Rothschild himself was in Dallas to receive the 2013 Visionary Award, spread his environmentalist gospel and share stories about his Plastiki adventures. In 2010, the National Geographic Emerging Explorer led a crew of scientists, sailors, thought leaders and creatives on an 8,000-mile ocean trek from San Francisco to Sydney on his vessel made of recycled waste products.
Along the way, they visited a swirling patch of trash the size of Texas. Rothschild’s goal was to shed light on the dangers of polluting the ocean and spread a more powerful message: waste as a resource. Rothschild has gifted Plastiki to Dallas, which moves to the plaza at the Perot Museum of Nature and Science this summer while the Hunts search for its permanent home.
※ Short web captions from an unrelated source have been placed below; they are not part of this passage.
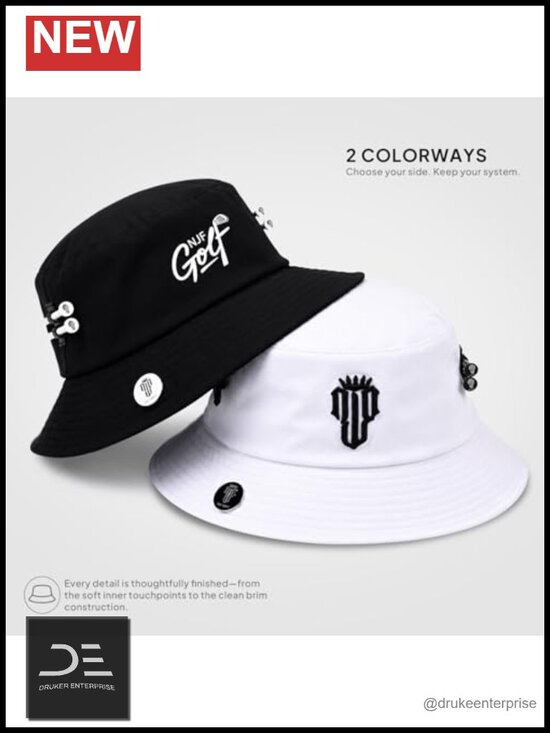 Reversible Bucket Hat with Magnetic Ball Marker & Tee Holder, UPF 50 Sun main image 4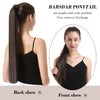BARSDAR 26 inch Ponytail Extension Long Straight Wrap Around Clip in Synthetic Fiber Hair for Women - Dark Brown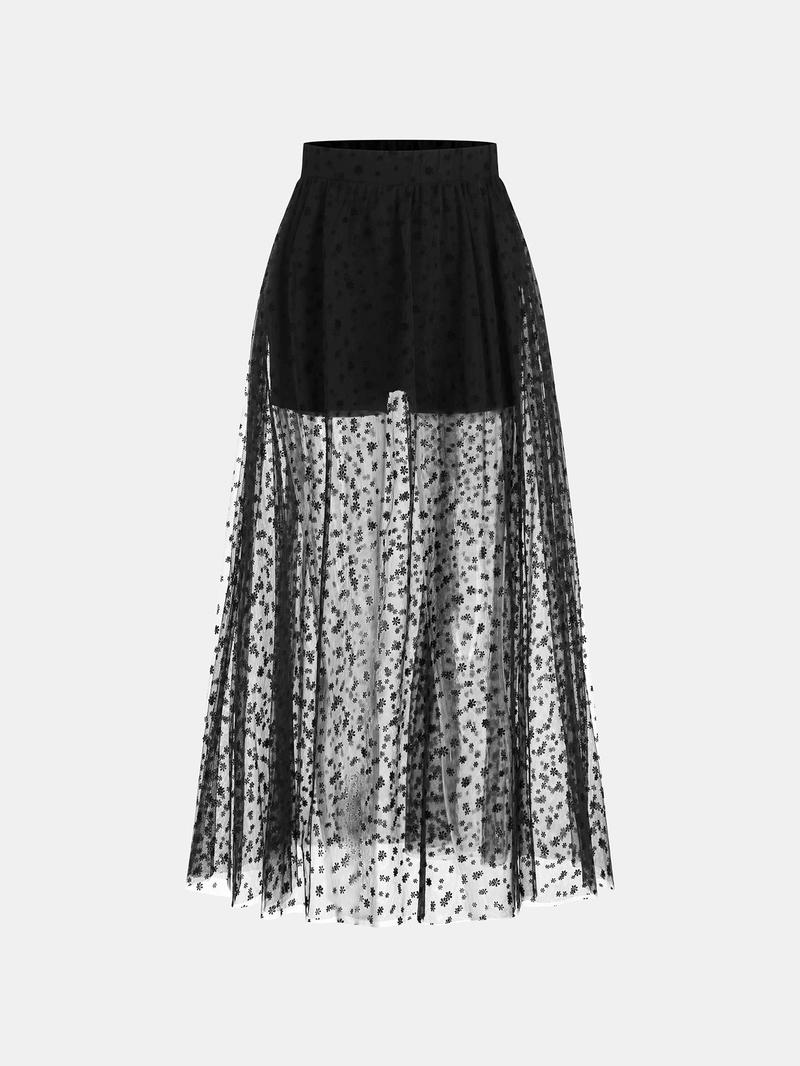 Product Introduction of YOZY Women's Solid Halter Neck Top & Backless Bodysuit & Ditsy Floral Pattern Skort Tulle Three-piece Set, Elegant Fashion Casual Three-piece Outfits for Daily Outdoor Wear, Ladies Clothes for All Seasons 6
In a lively discussion with Jeffrey Ball, former environment editor at the Wall Street Journal, Rothschild, a self-proclaimed “optimistic pessimist,” explained what he believed to be the challenges of the environmental movement.
“We articulate the demise, rather than the solutions,” he said. Instead of telling people what to do, we are busy telling them what not do, he argued. And, in perhaps his most colorful commentary of the evening, he asked the audience to compare plastic and diamonds.
“Both last forever,” he said. “Diamonds just have a much better marketing campaign.”
Joking aside, Rothschild said his Plastiki trip “failed horribly,” simply because there is more plastic today than when they started, but they knew that going in. More important, he said, is that “[Plastiki] is a metaphor for teamwork” and unlocking human potential.
It seemed unlikely that anyone could top the passionate and hunky Rothschild, but there was still another award to present. This one, the inaugural Humanitarian Award, went to Emmanuel Jal, a former child soldier in Sudan who found a new life as a leading hip-hop artist, author, and advocate for children in developing nations whose childhoods are robbed from them because of violence and extreme poverty.
Thanks to the documentary and autobiography of his life, both titled War Child, and his work through nonprofits Gua Africa and We Want Peace campaign, Jal has reached audiences of millions, and his charities provide scholarships and education to Sudanese war survivors and the most deprived children in Nairobi.
Of course Jal could not accept his award without a show. And the man who performed at Nelson Mandela’s 90th birthday celebration and the One World Concert for the Dalai Lama brought down the house in Fair Park that night.
Through his message of peace and hope, Jal, together with DJ Silvastone and a string quartet from SMU’s Meadows School of the Arts, got everyone on their feet — and many on the stage — for a concert that no one in attendance will soon forget.